I by no means endorse the principle that there is nobility in suffering. Nor do I want to diminish the gravity of pain, emotional or physical. I am boundlessly grateful for those emotional and sensory experiences we categorize as positive: joy, comfort, pleasure, security, love, excitement, warmth.

But it is undoubtedly easier to acknowledge and accept these feelings than those along the opposite pole. At some uncertain point, these positive affective states were demoted in status to the new prescriptive normalcy. Happiness is the core promise of capitalist society, and the industries of wellness and self-help thrive on the principle that joy ought be the default state of humankind. Simultaneously, negative emotions have been demoted not only to the status of anathema, but pathology. Where pleasure and joy equal normalcy, we mistake negative emotions to be their antitheses.

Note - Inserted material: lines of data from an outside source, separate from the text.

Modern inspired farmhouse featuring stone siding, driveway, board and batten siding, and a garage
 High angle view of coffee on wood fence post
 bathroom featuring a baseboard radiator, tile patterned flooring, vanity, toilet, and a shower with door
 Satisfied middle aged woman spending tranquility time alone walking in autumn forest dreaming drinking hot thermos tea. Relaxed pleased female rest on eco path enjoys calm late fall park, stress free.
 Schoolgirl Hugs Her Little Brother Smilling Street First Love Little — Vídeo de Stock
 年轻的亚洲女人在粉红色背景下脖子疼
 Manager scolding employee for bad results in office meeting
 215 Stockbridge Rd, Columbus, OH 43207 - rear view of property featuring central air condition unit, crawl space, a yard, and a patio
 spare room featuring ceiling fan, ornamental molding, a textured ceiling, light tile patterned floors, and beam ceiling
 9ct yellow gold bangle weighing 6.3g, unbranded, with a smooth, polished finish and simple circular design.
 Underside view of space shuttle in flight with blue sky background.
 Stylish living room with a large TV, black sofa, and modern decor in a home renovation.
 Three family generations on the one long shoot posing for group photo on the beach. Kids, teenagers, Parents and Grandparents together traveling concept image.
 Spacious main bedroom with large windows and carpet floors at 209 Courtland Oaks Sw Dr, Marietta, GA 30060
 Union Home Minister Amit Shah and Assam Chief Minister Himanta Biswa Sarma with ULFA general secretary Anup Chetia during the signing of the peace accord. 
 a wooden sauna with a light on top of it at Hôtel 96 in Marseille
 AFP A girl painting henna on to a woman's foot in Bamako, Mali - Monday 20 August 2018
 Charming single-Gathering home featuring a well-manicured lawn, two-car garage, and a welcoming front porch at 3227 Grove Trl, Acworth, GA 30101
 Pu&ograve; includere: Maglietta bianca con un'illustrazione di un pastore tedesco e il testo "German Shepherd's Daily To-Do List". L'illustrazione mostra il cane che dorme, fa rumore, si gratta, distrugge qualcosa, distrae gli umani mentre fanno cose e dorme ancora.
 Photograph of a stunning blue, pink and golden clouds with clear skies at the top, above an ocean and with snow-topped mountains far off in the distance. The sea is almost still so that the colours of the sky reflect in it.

In reality, negative and positive emotions constitute not dichotomies, but immutable pairings: love and grief, fervor and indignation, community and loneliness. They exist codependently, and we know them most often in relation to one another. We have been sold a set of false expectations for our own personal psychologies, and we fail to recognize what I am struggling to teach myself: Positive emotions are not simply normal, but profound; negative emotions not pathological, but invariably and remarkably human.

Winter is burdensome. It compounds our grief and exacerbates our pain, makes comfort and warmth feel scarce. It is the favorite season of negative feelings. Remember that these sensations, though aversive, warrant acknowledgement. Recognize the sensation of cold air in your lungs and know you are breathing, mourn the absence of members of your community and know you have loved. Ask yourself: Where does it hurt? Listen to the ache in your bones and the grief in your heart, and let it tell you: You are so human, so alive. It is an incomparable privilege to feel.